= Eddie Deerfield =

American government official (1923–2022)

Eddie Deerfield (August 24, 1923 – August 30, 2022) was an American government official and aviator. A high-ranking member of the United States Information Agency, he was also a decorated veteran of World War II and the Korean War.

==Early life==
Deerfield was born in August 1923, in Omaha, Nebraska. He graduated from high school in Chicago, Illinois in 1941.

==Military service==
After the attack on Pearl Harbor, he enlisted in the United States Army Air Corps. Deerfield arrived in England in 1943. He was a radio operator and gunner on B-17's and served with the 303rd Bomb Group. Deerfield flew 30 combat missions over Nazi Germany and Occupied Europe. On his 6th bombing mission over Kassel, Germany, his bomber was hit and crashed into the North Sea. On his 14th mission, he survived a bail-out from a burning bomber and a crash landing on his 20th mission. He was wounded by anti-aircraft fire over Saarbrücken, Germany on his 30th mission. Deerfield was honorably discharged in 1945 as a technical sergeant. he was awarded a Distinguished Flying Cross, the Air Medal with three Oak Leaf Clusters and a Purple Heart.

He was commissioned as a second lieutenant in the U. S. Army Reserve in 1949 and called back into service in 1951 in the 1st Radio Broadcasting and Leaflet Group, a psychological warfare unit. He was based in Pusan, Korea, as detachment commander.

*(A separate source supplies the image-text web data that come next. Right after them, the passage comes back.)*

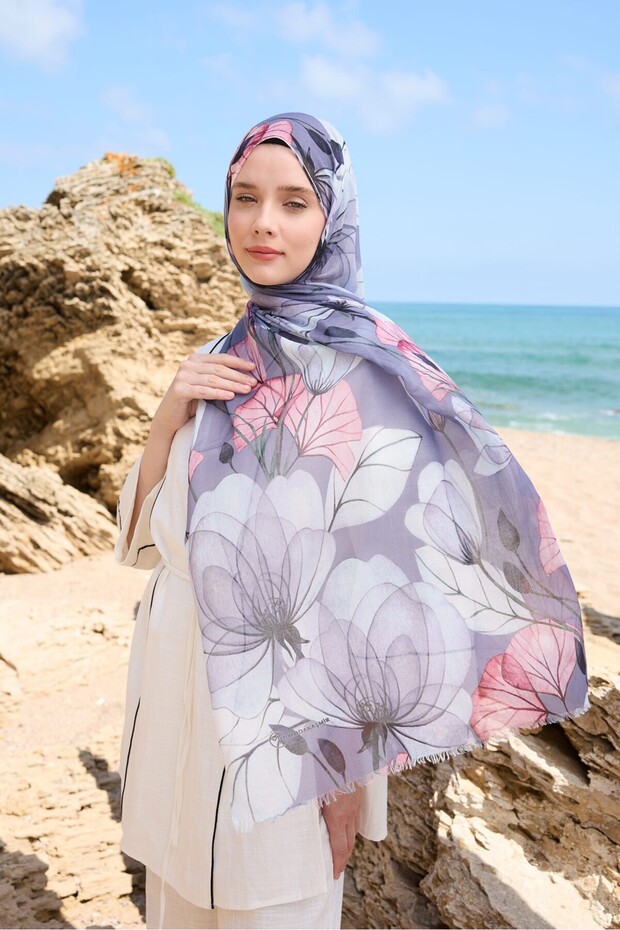 Alicia Model Moon Wrap - 1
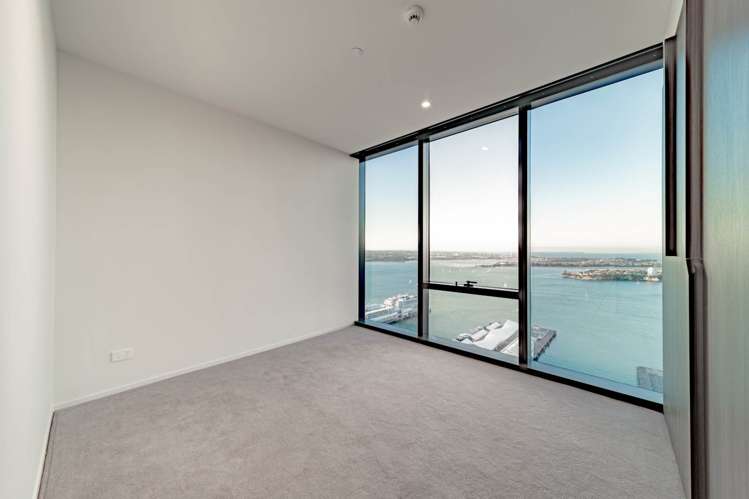 4801/10 Commerce Street City Centre_13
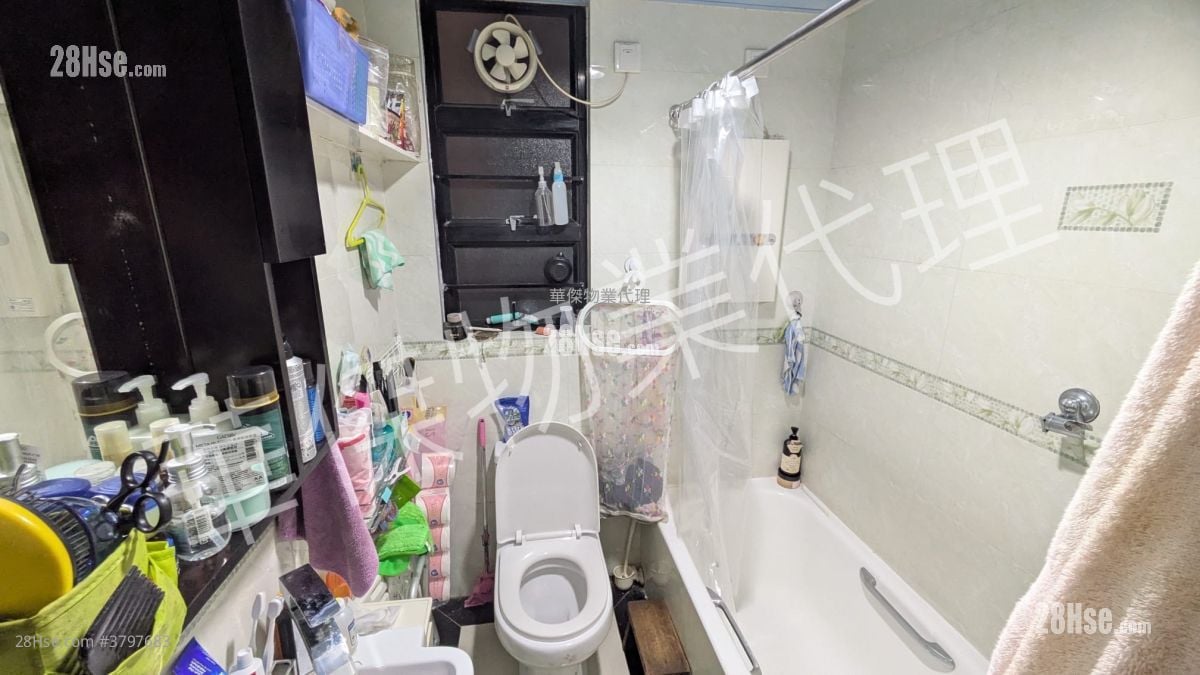 欣荣花园 售盘 3 房 , 2 浴室 731 平方尺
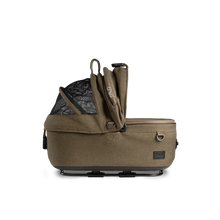 Lade das Bild in den Galerie-Viewer, Isofix Autositz & Transportbox Maeve™ Small Flex von Tavo für Hunde bis 12 kg | GREENGUARD-Gold-Zertifizierung | Farbe: Brindle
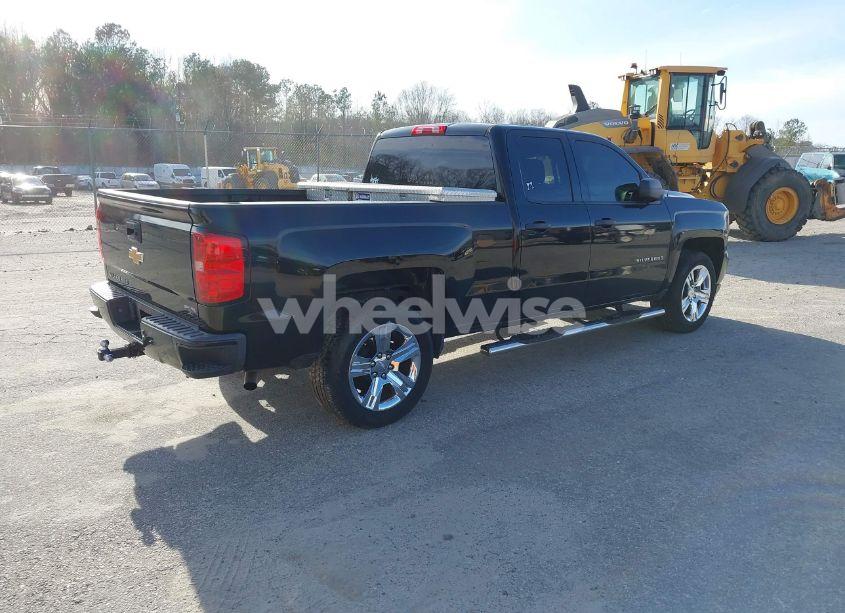 Photo 4 of 2016 Chevrolet Silverado 1500 CUSTOM (VIN 1GCRCPEC8GZ375747)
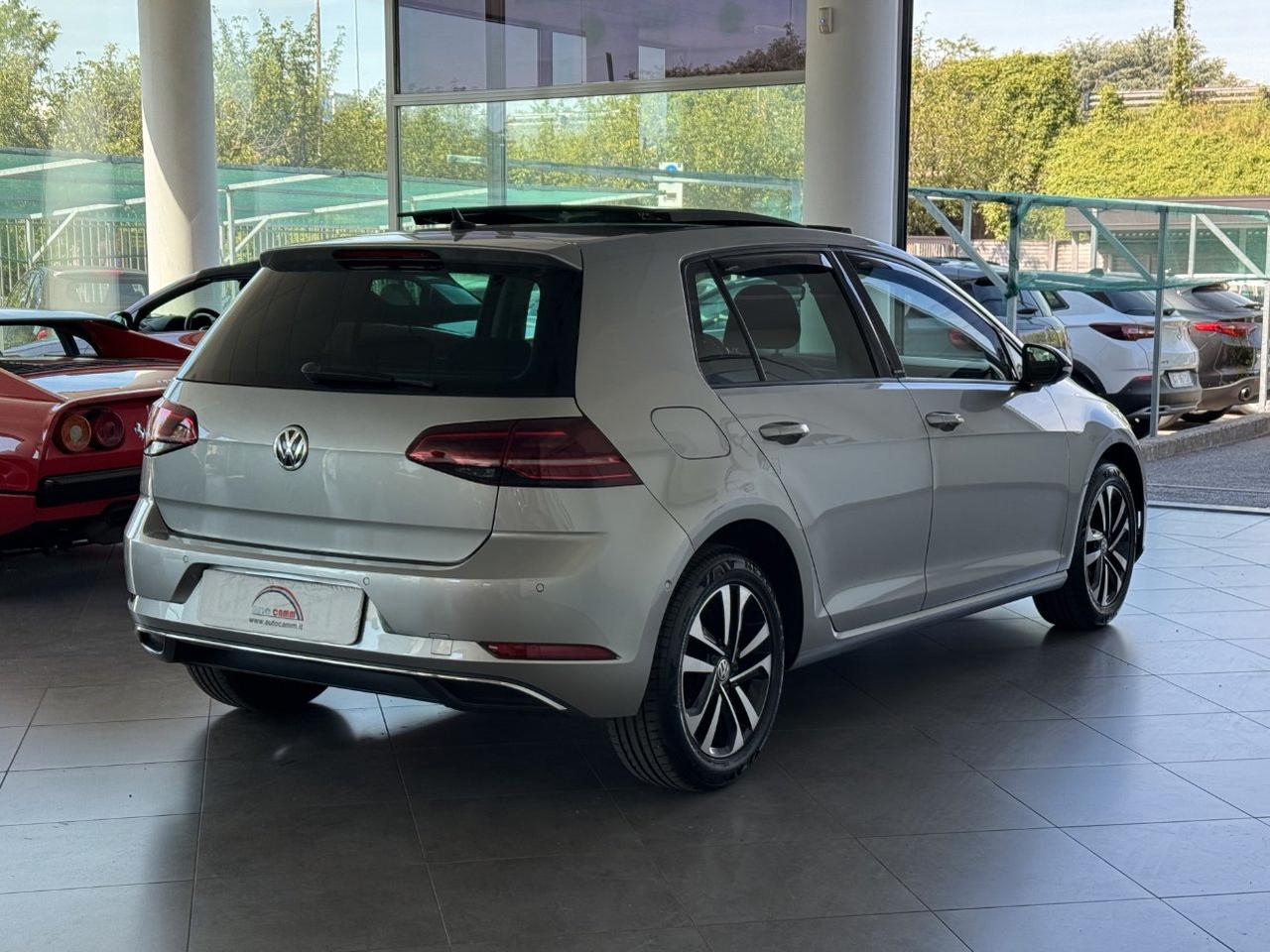 Volkswagen Golf 5 Porte 1.6 TDI 115cv Sport Tetto Apribile IQ.DRIVE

He was awarded a citation by the Republic of Korea "for aggressive leadership" in directing radio broadcasts to the enemy. He retired in 1983 with the rank of lieutenant colonel.

==Diplomatic career==
Deerfield served abroad as a Foreign Service diplomat for more than two decades (1966 to 1988) in the U. S. Information Agency, with assignments as public affairs officer in India, Pakistan, Malawi, Canada, Uganda and Nigeria. He received the USIA Career Achievement Award (1988) for promoting a better understanding of the United States among peoples abroad, the USIA Superior Honor Award (1981) for establishing an American Center in war-ravaged Uganda after the fall of dictator Idi Amin, and the State Department Meritorious Honor Award (1971) for assisting American news correspondents covering a cyclone disaster which took the lives of thousands in East Pakistan, now Bangladesh. He retired in 1988 as counselor in the U. S. Senior Foreign Service.

==Later life and death==
From 1997 to 1999, Deerfield was chairman of the Foreign Service Retirees Association of Florida. In 1996, he was elected president of the 303rd Bomb Group Association, and served as its newsletter editor from 1998 to 2007. In 1965, he was elected vice-president of the State of Illinois Chapter of the Reserve Officers Association. In 1958, as a resident of Hoffman Estates, Illinois, he was elected by popular vote to the town's first board of trustees. Deerfield's historical novel "The Psy-Warriors," about the Korean War was published in 1994. He was editor of the two-volume 1,300 page anthology "Hell's Angels Newsletter Silver Anniversary Collection--A World War II Retrospective" published in 2002 and a third volume published in 2007. The books focus on personal narratives of aerial combat on B-17 bombers in the European Theater of Operations during World War II, and are available for research at university, military and community libraries. In 2010 he was awarded the Legion of Honor by the government of France for combat missions in the World War II Normandy campaign which led to the freeing of France from Nazi occupation.

Deerfield died on August 30, 2022, at the age of 99.